Sprintem się ubrałam, umyłam zęby i zbiegłam na dół. Wzięłam torebkę z drugim śniadaniem, rzuciłam szybkie 'Cześć!' moim rodzicom i wyszłam na dwór. Włożyłam do uszu słuchawki i ruszyłam w kierunku szkoły. Nagle poczułam, że ktoś klepnął mnie w ramię. Szybko się odwróciłam i zobaczyłam moją najlepszą przyjaciółkę, Ray.
— Hej, RayBan! — powiedziałam z uśmiechem. Dobrze wiedziałam, że absolutnie nienawidzi tej głupiej ksywki, co automatycznie sprawiało, że ja kochałam ją tak nazywać.
— Witam mój ukochany wrzód na tyłku - odparła wesoło, puszczając moją jawną prowokację mimo uszu. — Co tam?
— Nawet nie wiesz jak się cieszę, że to już piątek. Jestem taka zmęczona — jęknęłam z boleścią w głosie. Koniec roku zbliżał się nieubłaganie, a co za tym szło, egzaminy końcowe. Nauka i nauka, i dziwne sny, które nie pozwalały mi spać.
— Odpuść myśl o egzaminach, pomyśl o tym jak spędzimy wakacje! Jedziemy do Włoch! — krzyknęła z beztroskim entuzjazmem. Cóż, taka była Ray, nie przejmowała się niczym bardziej niż to potrzebne. A za potrzebne uważała naprawdę, naprawdę mało rzeczy.
— Ugh, mam totalnie dość. Chciałabym tylko beztrosko bawić się na imprezie, ale z moim szczęściem do końca tygodnia wszystkie plany zdążą rozpaść się wzdłuż i wszerz — zaśmiałam się gorzko.

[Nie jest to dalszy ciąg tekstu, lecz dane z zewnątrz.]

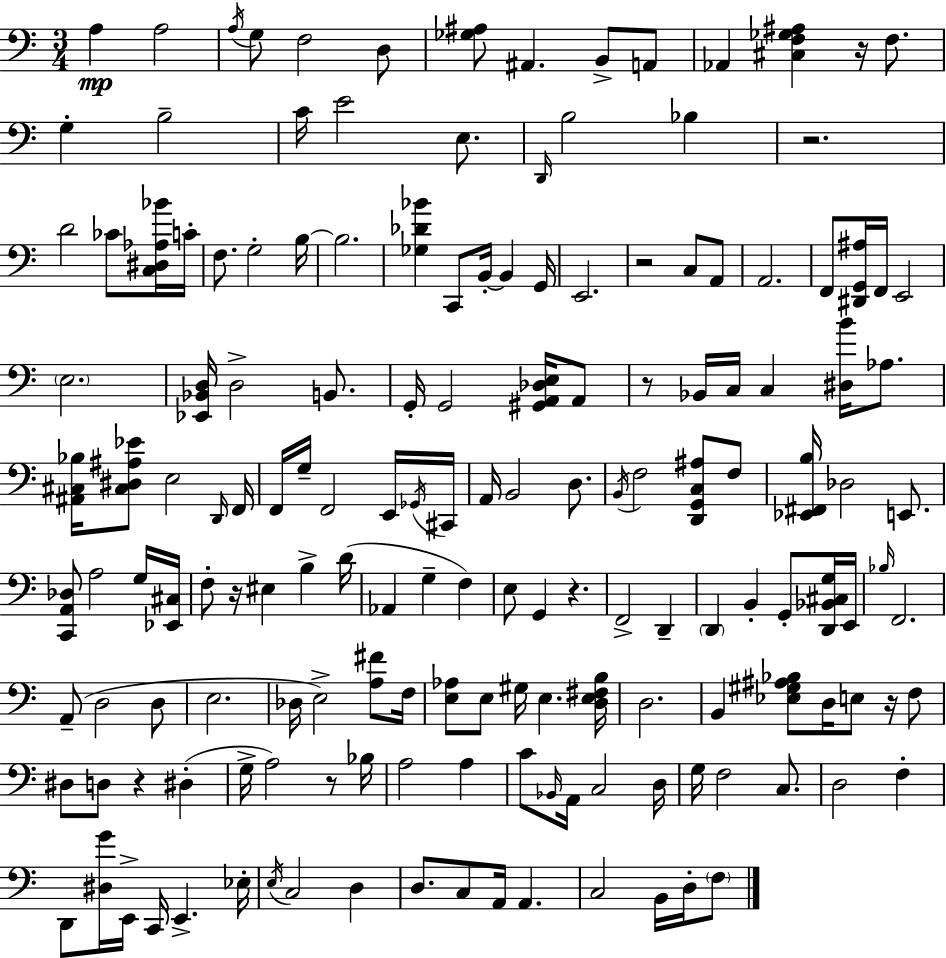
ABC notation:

X:1
T:Untitled
M:3/4
L:1/4
K:C
A, A,2 A,/4 G,/2 F,2 D,/2 [_G,^A,]/2 ^A,, B,,/2 A,,/2 _A,, [^C,F,_G,^A,] z/4 F,/2 G, B,2 C/4 E2 E,/2 D,,/4 B,2 _B, z2 D2 _C/2 [C,^D,_A,_B]/4 C/4 F,/2 G,2 B,/4 B,2 [_G,_D_B] C,,/2 B,,/4 B,, G,,/4 E,,2 z2 C,/2 A,,/2 A,,2 F,,/2 [^D,,G,,^A,]/4 F,,/4 E,,2 E,2 [_E,,_B,,D,]/4 D,2 B,,/2 G,,/4 G,,2 [^G,,A,,_D,E,]/4 A,,/2 z/2 _B,,/4 C,/4 C, [^D,B]/4 _A,/2 [^A,,^C,_B,]/4 [^C,^D,^A,_E]/2 E,2 D,,/4 F,,/4 F,,/4 G,/4 F,,2 E,,/4 _G,,/4 ^C,,/4 A,,/4 B,,2 D,/2 B,,/4 F,2 [D,,G,,C,^A,]/2 F,/2 [_E,,^F,,B,]/4 _D,2 E,,/2 [C,,A,,_D,]/2 A,2 G,/4 [_E,,^C,]/4 F,/2 z/4 ^E, B, D/4 _A,, G, F, E,/2 G,, z F,,2 D,, D,, B,, G,,/2 [D,,_B,,^C,G,]/4 E,,/4 _B,/4 F,,2 A,,/2 D,2 D,/2 E,2 _D,/4 E,2 [A,^F]/2 F,/4 [E,_A,]/2 E,/2 ^G,/4 E, [D,E,^F,B,]/4 D,2 B,, [_E,^G,^A,_B,]/2 D,/4 E,/2 z/4 F,/2 ^D,/2 D,/2 z ^D, G,/4 A,2 z/2 _B,/4 A,2 A, C/2 _B,,/4 A,,/4 C,2 D,/4 G,/4 F,2 C,/2 D,2 F, D,,/2 [^D,G]/4 E,,/4 C,,/4 E,, _E,/4 E,/4 C,2 D, D,/2 C,/2 A,,/4 A,, C,2 B,,/4 D,/4 F,/2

Dalsza droga minęła nam na beztroskim plotkowaniu o wszelkiej maści sprawach szkolnych i sercowych, ponieważ Ray przeżywała drugą w tym tygodniu "wielką miłość" - tym razem do cichego chłopaka z kółka dla naukowców.
Oczywiście wchodząc do szkoły musiałam spektakularnie wywalić się na schodach, bo przecież nie byłabym Keirą Griffin gdyby nie szczypta pechowości w każdym dniu mojego życia. Zostawiłam najcięższe książki, które były mi potrzebne tamtego dnia w szafce, po czym z melancholią rozpoczęłam wędrówkę na egzekucję - czyli prościej mówiąc, test z promieniotwórczości. Rutherford przy przeprowadzaniu swoich doświadczeń chyba nie przemyślał tego, że w przyszłości ktoś może na tym ucierpieć. Co z tego, że dobrowolnie wybrałam rozszerzoną fizykę.

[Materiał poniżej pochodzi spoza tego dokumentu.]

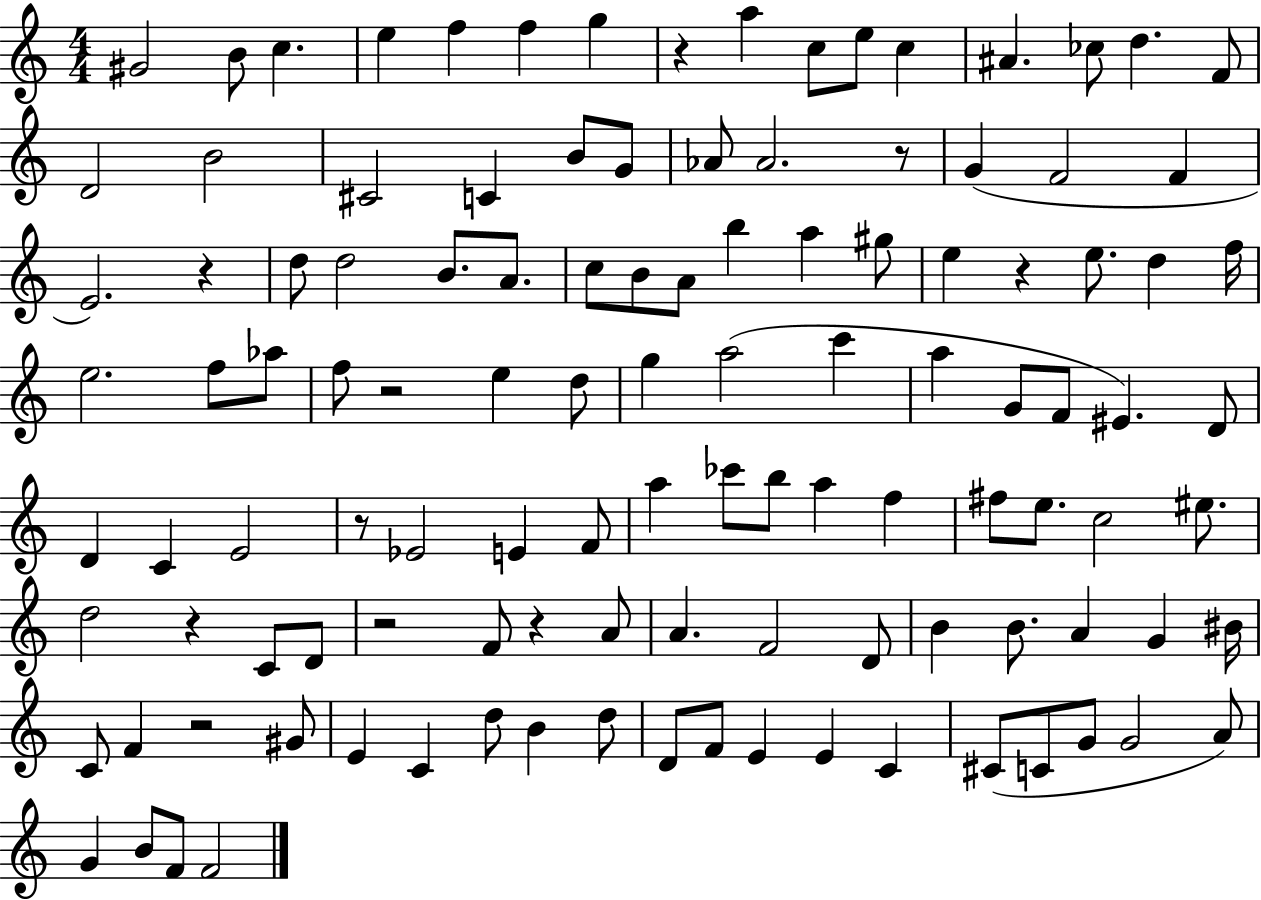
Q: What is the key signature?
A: C major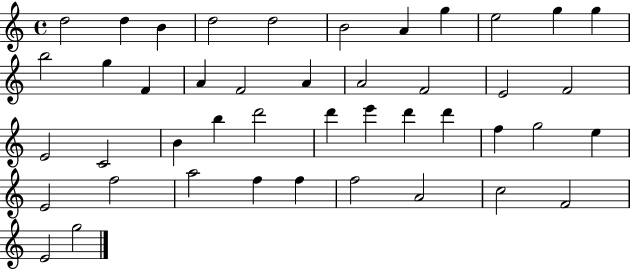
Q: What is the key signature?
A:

— Czy ty mnie w ogóle słuchasz? — Ray spojrzała na mnie z byka, rozdrażniona jak zwykle, gdy jej nie słucham.
— Zamyśliłam się.
Dobiegło mnie zirytowane prychnięcie, ale zaraz z niezmordowanym entuzjazmem Ray oznajmiła:
— Fizyka jest odwołana, co oznacza, że my jesteśmy uratowane, co oznacza, że idziemy to opić. Na razie kawą.
— To naprawdę świetne, że pytasz mnie o zdanie, RayBan — mruknęłam sarkastycznie pod nosem. Mimo to ruszyłam za nią. Po drodze natknęłyśmy się na jakiegoś przystojnego bruneta, którego chyba jeszcze nie widziałam w naszej szkole. Co oznaczało...
— OMÓJBOŻE, K*! Czy ty widziałaś tego gościa?! Te włosy, i te ruchy! Ach, bez koszulki musi wyglądać cudownie — oczy mojej przyjaciółki zabłyszczały w ten charakterystyczny sposób, który zawsze zwiastował obranie nowego celu.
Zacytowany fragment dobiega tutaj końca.